Antoon’s production reduces the issue between Kate and Petruchio to one of dire simplicity. Miss Ullman’s Kate is a a cross between Joe Cocker and Calamity Jane. She spits, picks her teeth, swaggers, downs shots of whiskey, shouts, brawls, and roars. She’s cross and mean and grouchy—like an angry, maladjusted child. The whole concept of “shrewishness” is reduced to bad behavior. The pièce de résistance is a wild temper tantrum she throws, halfway to being an epileptic fit, after which she seems drained or purged or just plain exhausted. It’s funny because everything Miss Ullman does is funny, but then Mr. Antoon has Mr. Freeman imitate it, thereby proving the not very interesting proposition that unattractive behavior is unattractive.
Again, it’s too bad that Antoon couldn’t do better than this schoolroom interpretation—that Petruchio “tames” Kate by showing her what she looks like. Mr. Freeman makes a delightful shrew-tamer; moreover, the idea of a black Petruchio has real possibilities. But although Mr. Freeman and Miss Ullman are mugging on the very highest plane, they are still mugging. And in spite of the wealth of truly talented actors in the cast—among them Robert Joy (whose Tranio is all speech mannerisms), Helen Hunt (who makes an amusing Bianca and does the best at delivering Shakespeare in a Midwestern twang), Tom Mardirosian (as Hortensio), and Graham Winton (whose Lucentio gets lost in a Southern drawl)—there isn’t any real acting going on. Consequently, nothing in the production is as much fun to watch as it could be. It isn’t until the last scene—when we find that Kate has put off her childish characteristics but retained her basic lack of femininity—that the play gets interesting, and by then it’s time to go home.
This production has the look and feel of something with Broadway aspirations: the set—a wall of barn siding with sliding platforms that wheel themselves out to provide a saloon bar or banquet table, and a painted mural of wild horses that appear and disappear depending on what kind of light Peter Kaczorowski throws on them—is quite beautiful, and more ingenious than any I’ve seen at the Delacorte in years.
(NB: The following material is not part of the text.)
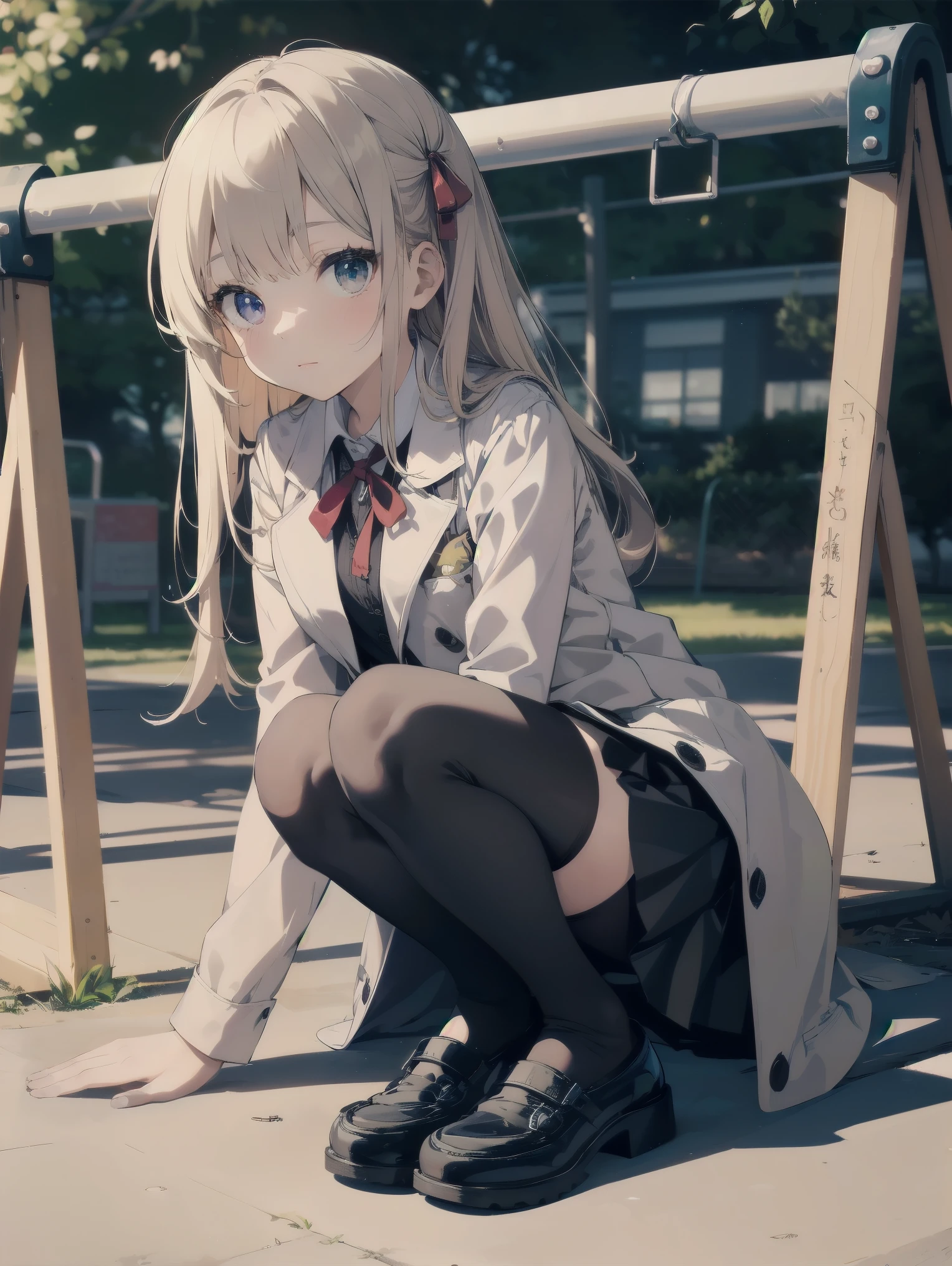 (Masterpiece: 1. 2), (Top quality: 1. 2), Anime girl, 1, 6 , Fashionable ribbon, red intricate and detailed eyes, white female blouse, brand grey blazer, small red ribbon on chest, super young and cute kindergarndergarten , priss skirt, black tights, details Fine tights, full body, young girl looking back from the side, front view, alone, bruised and super cute, thighs open left and right, erotic pitch kindergarten ,
Background is sitting on the playground equipment in the park, legs open and looking at you, colourful background, beautiful shading effect, bewitching character poses like a scene from a movie.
The music, too, is more sophisticated than usual. With such an ace cast and with stars like Miss Ullman and Mr. Freeman in the company, it’s easy to imagine that Joe Papp mounted this production in the hope of moving it. But I don’t think it would transfer successfully. The problem is really Antoon: he’s fine for a fine summer evening, but I doubt that he would play very well on Broadway.